INFORMATION GIVEN:
────────
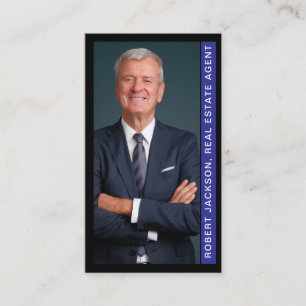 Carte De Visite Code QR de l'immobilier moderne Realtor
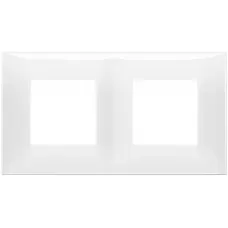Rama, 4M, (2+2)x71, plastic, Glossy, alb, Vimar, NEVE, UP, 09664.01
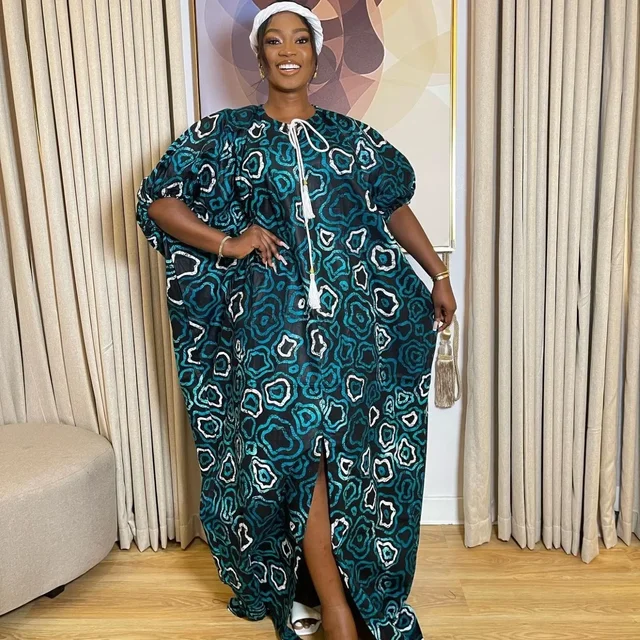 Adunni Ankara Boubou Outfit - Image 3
────────
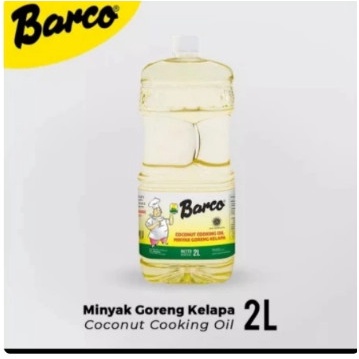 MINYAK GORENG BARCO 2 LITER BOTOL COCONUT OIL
────────
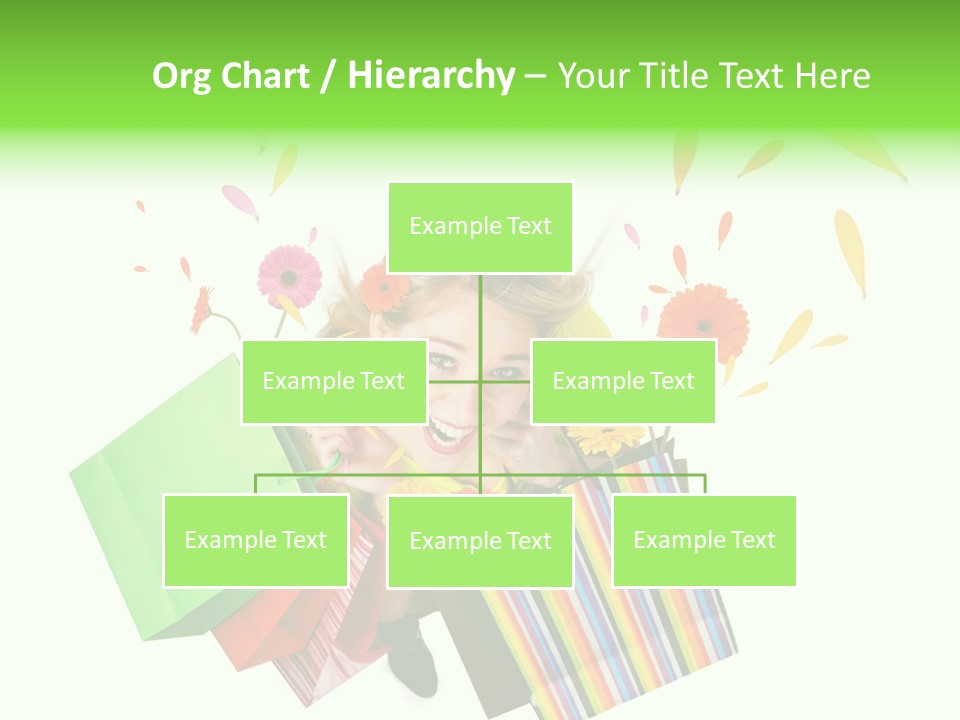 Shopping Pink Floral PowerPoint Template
────────
PROBLEM STATEMENT:
Nothing except the lines from the one containing "Carte De Visite" through the one containing "Adunni Ankara Boubou Outfit - Image 3" should appear in the answer, exactly as above and without pictures.

TASK RESULT:
 Carte De Visite Code QR de l'immobilier moderne Realtor
Rama, 4M, (2+2)x71, plastic, Glossy, alb, Vimar, NEVE, UP, 09664.01
 Adunni Ankara Boubou Outfit - Image 3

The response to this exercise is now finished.